After The Daily’s inquiry, signs began appearing on elevators across campus informing riders that the elevator was “routinely inspected by the State of California.” Records showed that many of the elevators bearing these notices had expired permits.
Accessibility issues arising from faulty elevator
Members of the disability community told The Daily that broken elevators significantly impair their daily lives. Adri Kornfein ’25 recalled having a “difficult” experience when she lived in Meier during her sophomore year. She uses crutches and lived on the third floor, relying on the building’s single elevator to travel to and from her room.
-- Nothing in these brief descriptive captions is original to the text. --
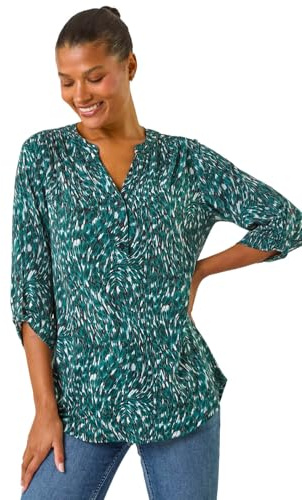 Roman Shirt for Women UK Ladies Top Collarless Blouse Stretchy Tunic Smart Casual Autumn Winter Jersey 3/4 Length Sleeve Notch V Neck Flattering Office Work - Teal Noir - Size 12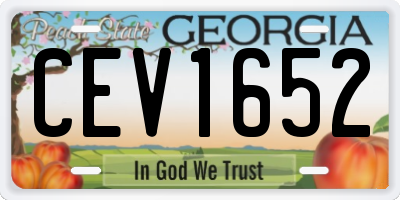 GA license plate CEV1652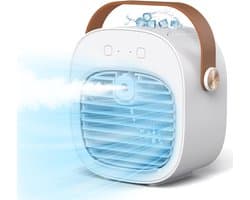 Draagbare Airco en Luchtbevochtiger 2-in-1 - Tafelventilator met 3 Snelheden - Oplaadbaar via USB - Voor Thuis, Kantoor en op Reis - 1 Stuk (Wit)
That elevator, Kornfein said, was broken for half of the two quarters she lived in Meier.
According to Residential & Dining Enterprises’s website, all floors of Meier “are accessible.” Nevertheless, Kornfein said she left the dorm last spring without the elevator ever having been permanently fixed. That elevator’s permit is currently expired.
Kornfein said relying on Meier’s defective elevator was stressful. “Sometimes I would just stay in my room instead of going [downstairs], because it was hard to get up and down [the stairs] so many times,” she said.
Stuart Seaborn, the managing litigation director of the nonprofit Disability Rights Advocates, said his greatest concern with unsafe elevators was their impact on members of the disability community.
“Broken or non-maintained elevators pose a systemic problem to members of the disability community, and we have litigated that issue on multiple fronts,” Seaborn said. “When [elevators are] not maintained, they present a significant barrier.”
University spokesperson Mara Vandlik wrote, “A review of our records does not reveal any long-term outages for the elevator in Meier Hall last year.” The only extended period of outage happened in late October 2023 for 10 days, when parts had to be ordered before repairs could occur, she wrote.
Lloyd May, a fourth-year music Ph.D. student and former ASSU director of disability advocacy, said that Stanford’s inaction on elevator safety is one of many examples he sees of the University’s “systemic silo-ing” when it comes to addressing the needs of the disability community. Support for the disability community is handled by many different departments and offices that have little communication with one another, resulting in many inefficiencies, he said.
Similarly, Cat Sanchez ’19 M.A. ’21, former co-chair of the Stanford Disability Initiative, said it was “frustrating” for students with disabilities, who often get “very, very slow change or very slow response” when they raise concerns. She criticized the University for leaving students “in the position of having to ask for help” when University facilities like elevators do not meet their needs.
Kornfein remains disappointed with the University’s inaction toward elevator maintenance. “I just think [the University could do] better,” she said.
Vandlik also wrote that students who have elevator issues are encouraged to report by submitting a fix-it ticket or, if urgent, notifying their housing service center. Emergency maintenance is available after hours.
“We appreciate that elevator outages are important to all students, but especially significant for those who need the elevator as an accommodation,” Vandlik wrote. Students are offered more accessible temporary accommodations if repairs cause an issue, she wrote.
“The University is committed to ensuring its facilities, programs and services are accessible to everyone, including those with disabilities,” she wrote.